### DATA IN THIS EXERCISE ###
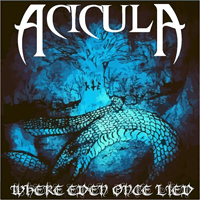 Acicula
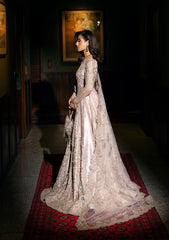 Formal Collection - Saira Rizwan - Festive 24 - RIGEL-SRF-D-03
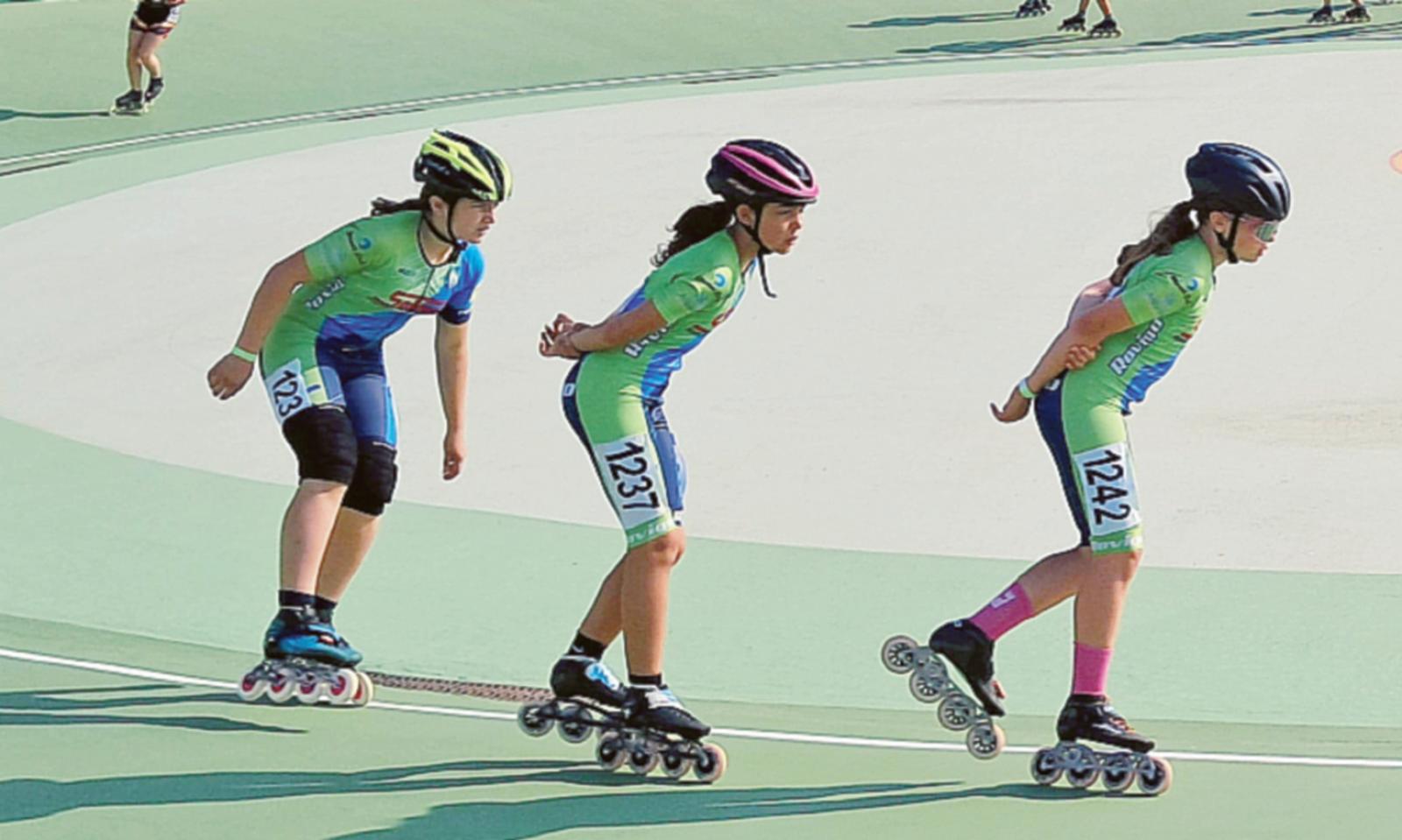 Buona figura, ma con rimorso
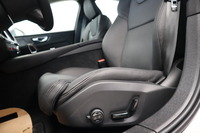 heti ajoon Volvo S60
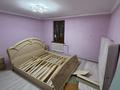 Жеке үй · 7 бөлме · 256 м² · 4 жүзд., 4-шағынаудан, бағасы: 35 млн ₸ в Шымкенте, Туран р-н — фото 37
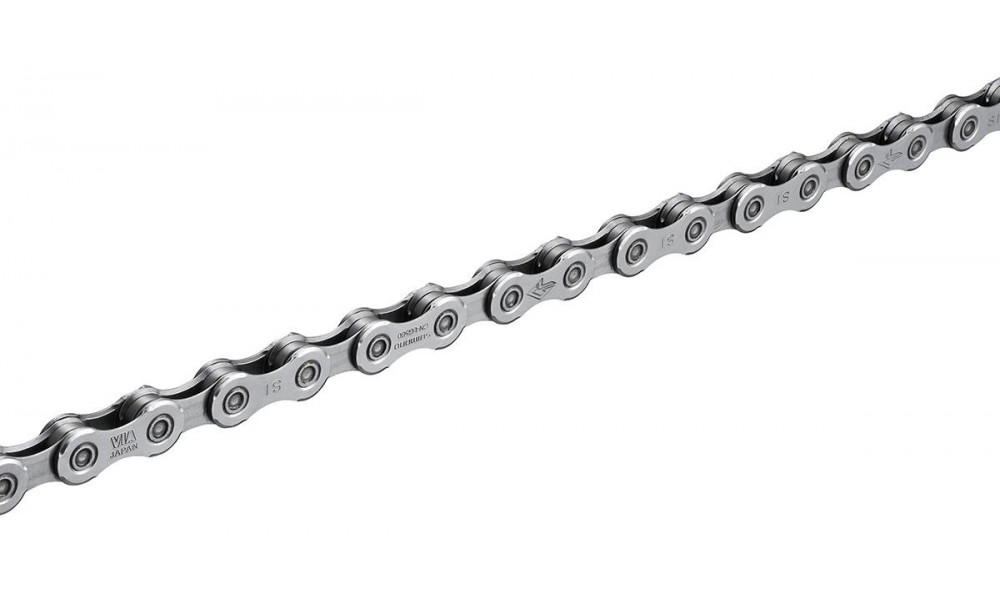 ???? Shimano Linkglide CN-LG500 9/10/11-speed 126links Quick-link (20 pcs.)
###
### DATA IN THIS EXERCISE ###
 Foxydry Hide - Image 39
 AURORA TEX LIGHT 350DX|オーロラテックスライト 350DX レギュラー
###
### DATA IN THIS EXERCISE ###
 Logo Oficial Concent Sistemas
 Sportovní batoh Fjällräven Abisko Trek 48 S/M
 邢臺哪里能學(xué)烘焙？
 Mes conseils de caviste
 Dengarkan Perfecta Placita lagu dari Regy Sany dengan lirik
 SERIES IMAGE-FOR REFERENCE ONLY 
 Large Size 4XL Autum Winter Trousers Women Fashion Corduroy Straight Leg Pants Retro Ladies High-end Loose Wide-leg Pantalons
###
» **EXERCISE PROMPT**:
Using the records above, write out exactly the lines between the one holding "SERIES IMAGE-FOR REFERENCE ONLY" and the one holding "Large Size 4XL", inclusive; leave everything else out.

» **RESULT FOR THIS TASK**:
 SERIES IMAGE-FOR REFERENCE ONLY 
 Large Size 4XL Autum Winter Trousers Women Fashion Corduroy Straight Leg Pants Retro Ladies High-end Loose Wide-leg Pantalons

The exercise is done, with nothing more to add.